Mas se a cultura, ou seja, os homens fazem a gastronomia, também a geografia tem aqui o seu protagonismo. E na verdade, é delicioso perceber a diversidade de folares que temos pelo país. Se em Trás-os-Montes nos deixamos deliciar pelos folares com carnes a remeter para a importância que o ciclo do porco e consequente fumeiro tem pelo Nordeste de Portugal, já os pães doces ditos folares da Beira Alta apresentam como ingrediente proeminente, o azeite, o que lhes confere um sabor acentuado.

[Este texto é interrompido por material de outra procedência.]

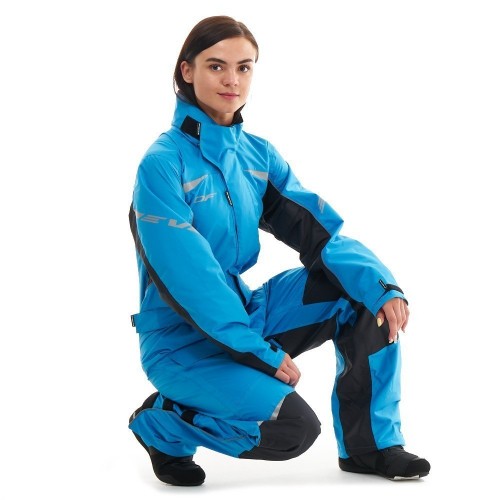 Комбинезон - дождевик EVO Woman Blue 2023 фото 16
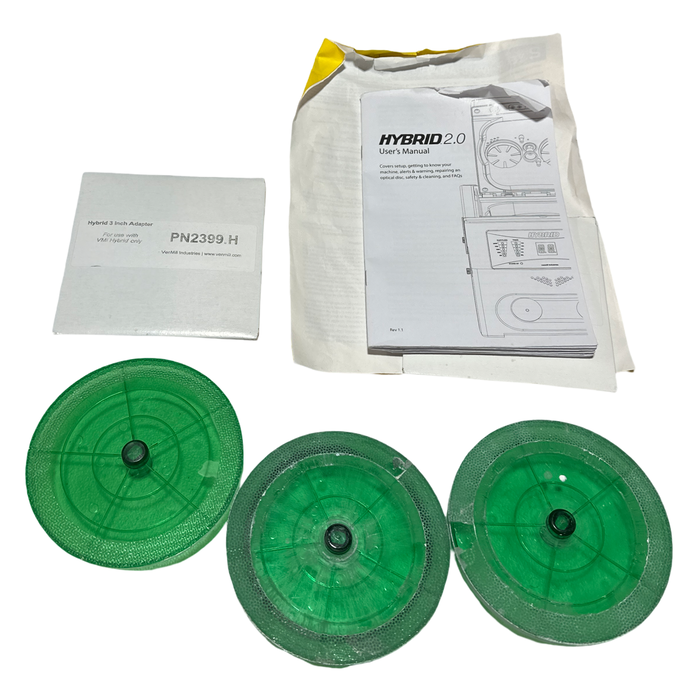 Hybrid 2.0 Disc Resurfacing Machine - for just $989.99! 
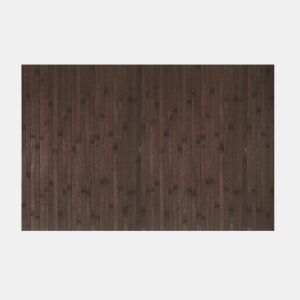 Tapete Bamboo Cool Wengé 140 X 200 Cm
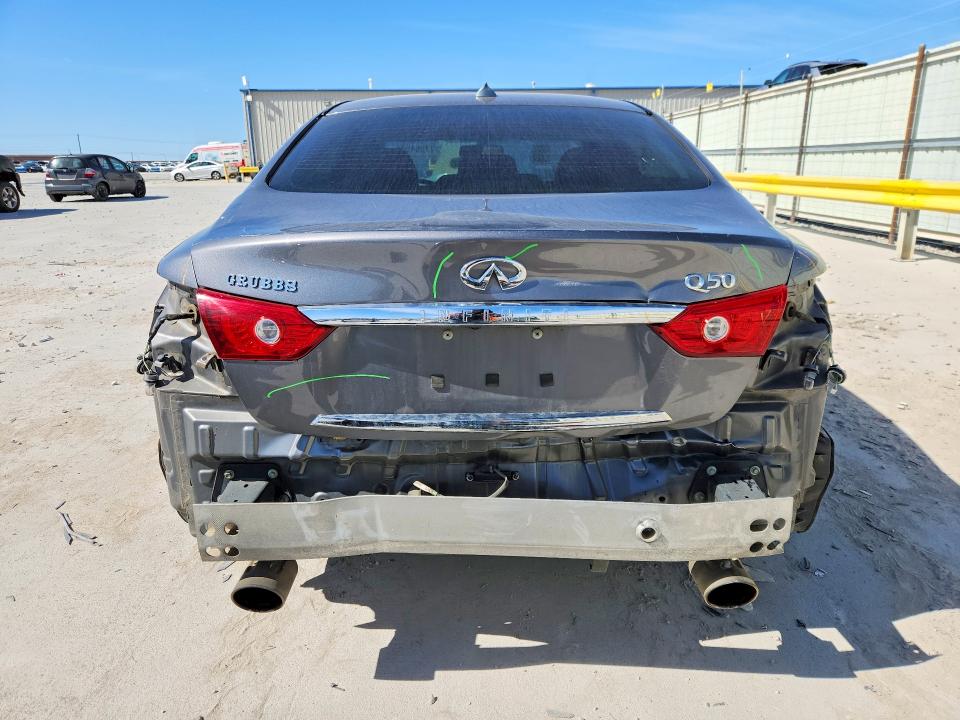 Aukcja sprzedaży 2015 Infiniti Uk, vin: JN1BV7AP9FM350178, numer aukcji: 77864595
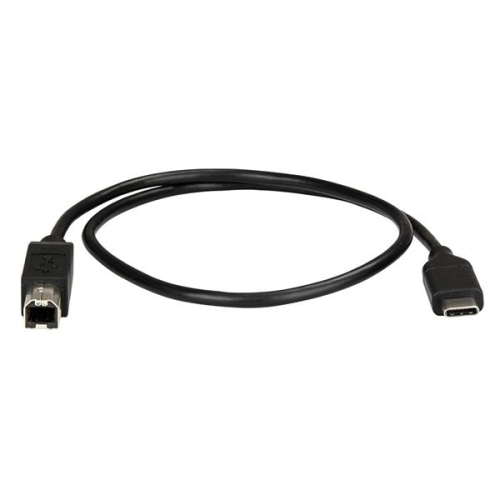 Startech 0.5m USB Type-C/B Cable (USB2CB50CM)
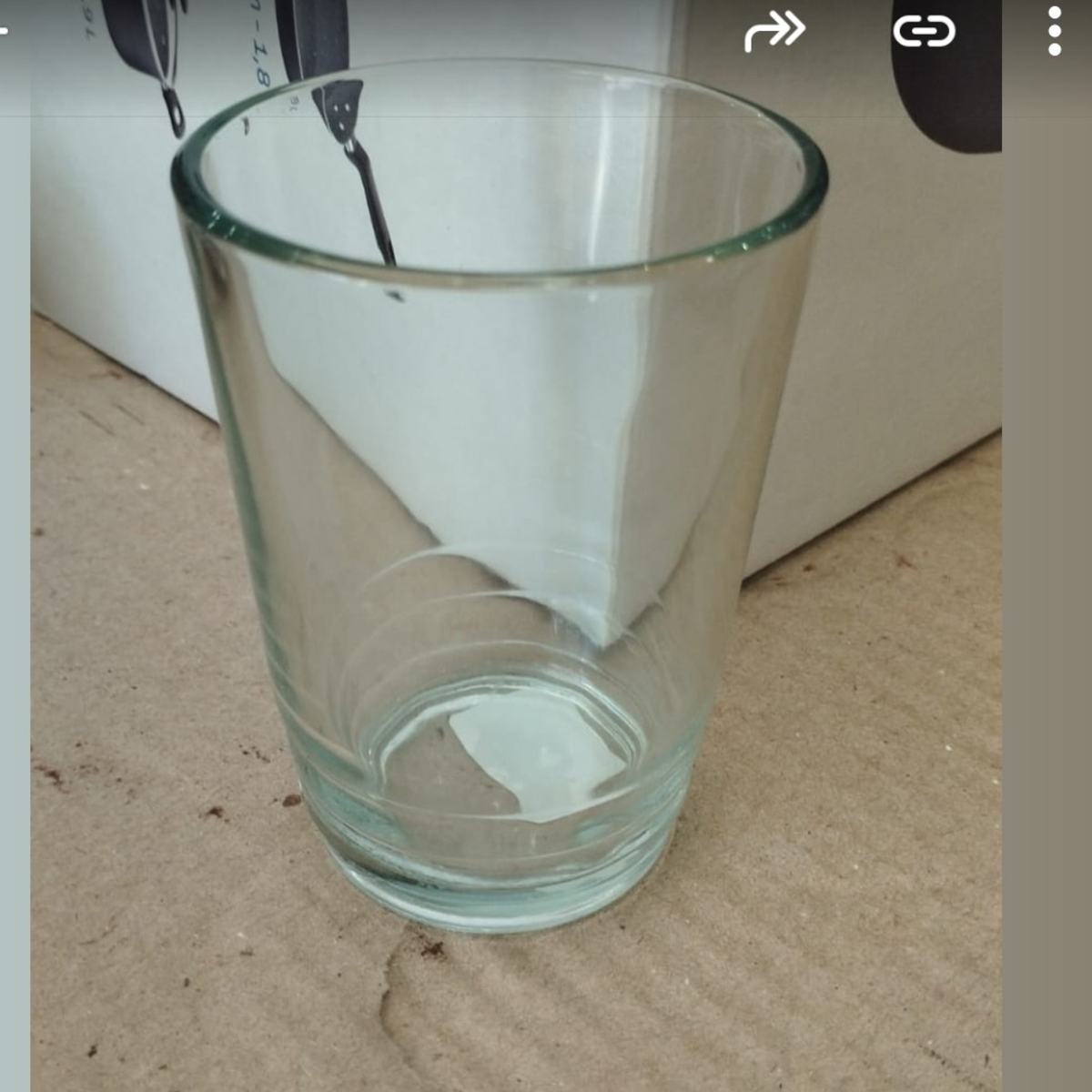 Vaso Point Durax x 6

Por seu lado, a Beira Litoral tem o seu folar doce onde, para além da farinha de trigo, dos ovos e do açúcar, o leite e manteiga dão-lhe a leveza que os caracteriza. Descendo para o sul do país, encontramos os lindos folares de Castelo de Vide e Portalegre onde em forma de lagarto ou boneca os folares são oferecidos aos afilhados. No extremo sul de Portugal somos surpreendidos pelo folar algarvio onde entre as camadas da massa do folar é adicionado aguardente de medronho, açúcar amarelo e canela.
Seja em que formato for, a verdade é que somos reféns do sabor tranquilo e doce do folar que nos acompanha numa viagem pelos cheiros da Primavera como as glicínias que têm o condão de se abrir ao mundo quando festejamos a Páscoa. De tal forma, que as luzes que brilham na noite escura da Procissão dos Passos do Senhor ou o tinir do sino do compasso sabem sempre aquele folar doce que nos enche o coração e nos faz comer sem saber porquê, sabendo sempre mais e melhor quando partilhado à mesa com a família que se reúne ou com os amigos que nos visitam em casa trazendo até nós a amizade de sempre.
Páscoa é folar, talvez porque antes precisávamos de tal partilha com a comunidade e com a divindade para sentirmos o conforto de um futuro próspero e pródigo. É assim o folar, antes penhor de gratidão com a natureza, com a divindade, hoje alimento para o físico e para alma.